I will admit to having spent some time obsessing over INFJ information. And feeling more and more like I understand some things about myself more than ever. I've felt less broken in general and realized why I feel like I don't really connect with people easily. I've started to understand why so many things seem so personal and risky to share to others, even when I know the risk is small and who cares what someone else thinks?

Saturday, October 1, 2016

Mr. Darcy and Ms. Bennet

I watched through The Lizzie Bennet Diaries this week. I blew through them videos for the main story in two days, and today (day 3) I watched all of the supporting videos. If you haven't seen them and liked Pride and Prejudice, I suggest you go watch them on YouTube. There are 100 episodes of the Diaries, with 10 Q&A videos, 2 epilogue videos, and 33 videos from Lydia Bennet's point of view. They change a few things from the books (Mr. Collins proposes a business partnership instead of marriage, Mary is the Bennet sister's cousin and Kitty is Lydia's cat, Mr. Bingley becomes Bing Lee and loses a sister), but the changes don't detract from the story. (The biggest change is what happens between Lydia and Wickham. Well, that and Caroline Lee being the one to give Darcy hope instead of his Aunt Catherine.)

And it got me thinking about Mr. Darcy (both the one in the book and the one in the show). He comes across, to Elizabeth, as very proud and stuck-up. Lizzie calls him a robot at one point. And he does have a very old fashioned way of speaking (in the videos, period appropriate for the book). But, as he eventually shows in the videos (once he starts actually being in them), he's more shy and awkward and not quite comfortable with being in the public eye (which is weird, because he's a CEO of a company, someone who would be in the public eye). He does seem to relax around Lizzie and start showing his softer side, even before he thinks he might have a shot with Lizzie after all.

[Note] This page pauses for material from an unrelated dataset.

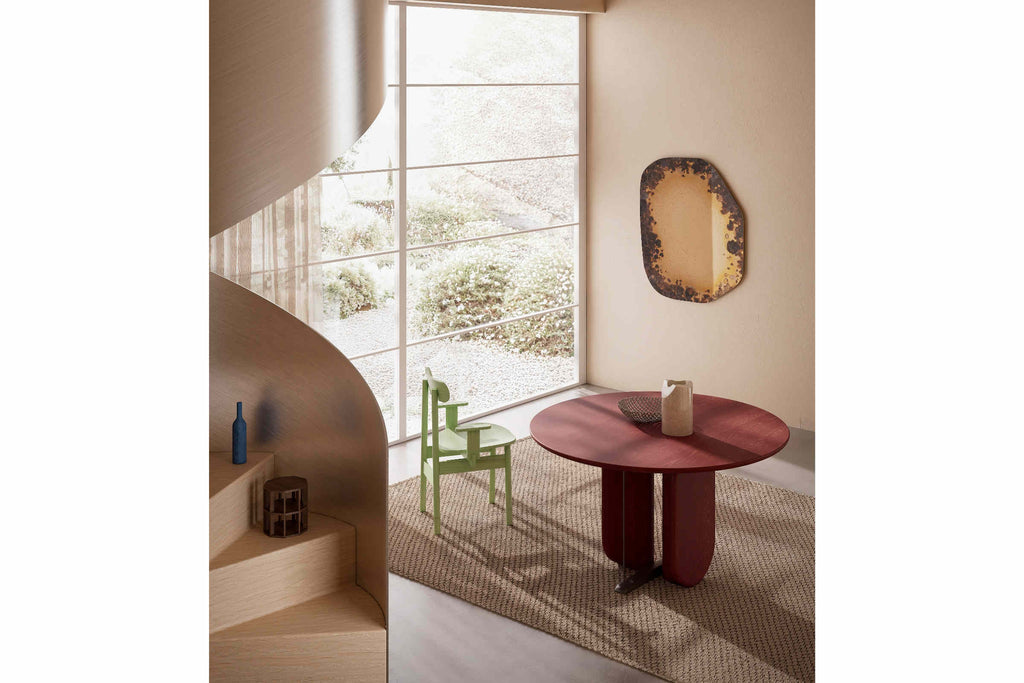 Designer Esstisch rund in einem modernen Ambiente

And I realized that most introverts and shy people seem to wear suits of armor to people. Mostly because they don't know what is going on in our heads. We seem distant and unapproving and judgemental, when we are really just listening and thinking and caring. Because talking can often be hard, words can be hard sometimes. And people seem to think quiet people are judging, even when we are mentally checked out.

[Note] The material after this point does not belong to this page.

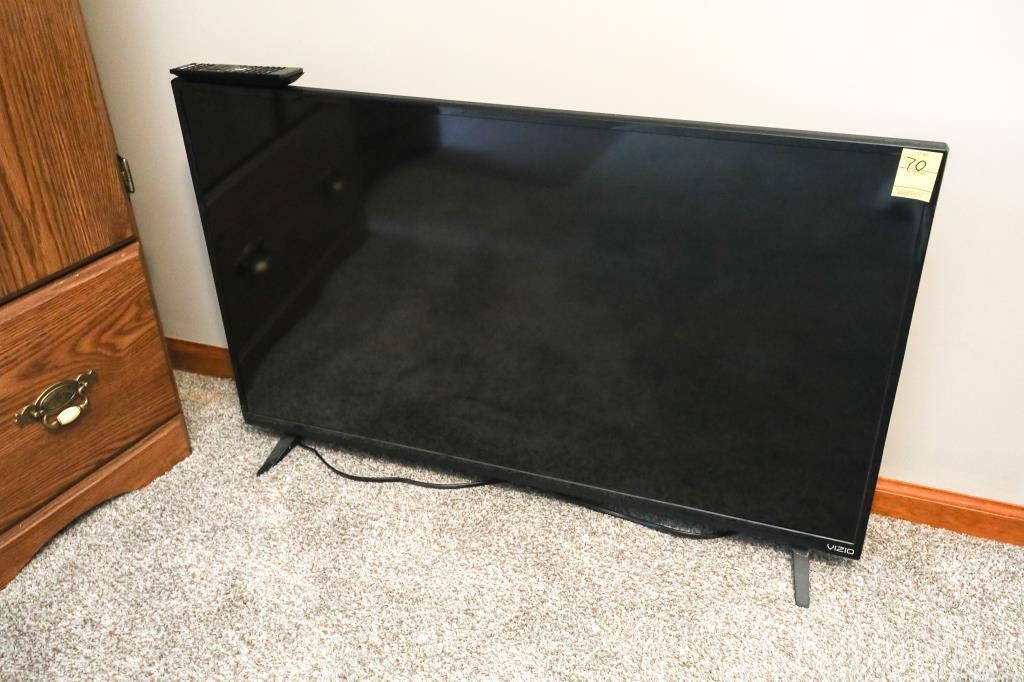 Vizio Flat Screen TV w/ Remote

The problem with trying to pin much of any characteristics to Mr. Darcy, I will admit, comes from the fact that we learn things mostly from Elizabeth Bennet's point of view. And her view is limited, partly by her own pride and partly from her not being present for so much of the backstory of the Darcy family and their dealings with George Wickham. Which is not to say that the book Elizabeth is an unreliable narrator (nor the video Lizzie), but that we only learn things as she learns them. We don't know what Bingley (or Bing Lee, in general) thinks of Darcy. We don't know how much of his initial insults of Miss Bennet stem from being shy or introverted and being forced into conversations and dealings with all manner of people when he's not ready for it. He does seem, in the books, more comfortable in Bingley's house (even with Jane and Elizabeth there). Anyone who might have slowly warmed up to him the first time they read the book might warm up to him faster the second time around when seeing his attempts at showing Elizabeth his warming interest.

I will admit that The Lizzie Bennet Diaries does end without anyone married or engaged, but Bing Lee and Jane are dating and seem to be moving towards that and Darcy and Lizzie are dating with potential for future marriage. Lydia is single and trying to figure out what to do with herself, after her disastrous relationship with George Wickham (and her videos show, even before the relationship, how much the Lydia in the videos is trying to hide her loneliness and fear of losing her sisters behind a party girl attitude, which was her armor).

I don't know what Jane Austen would think of her characters being portrayed like they are in the videos. I would hope that she would enjoy it, even with some interesting changes. I know that I did.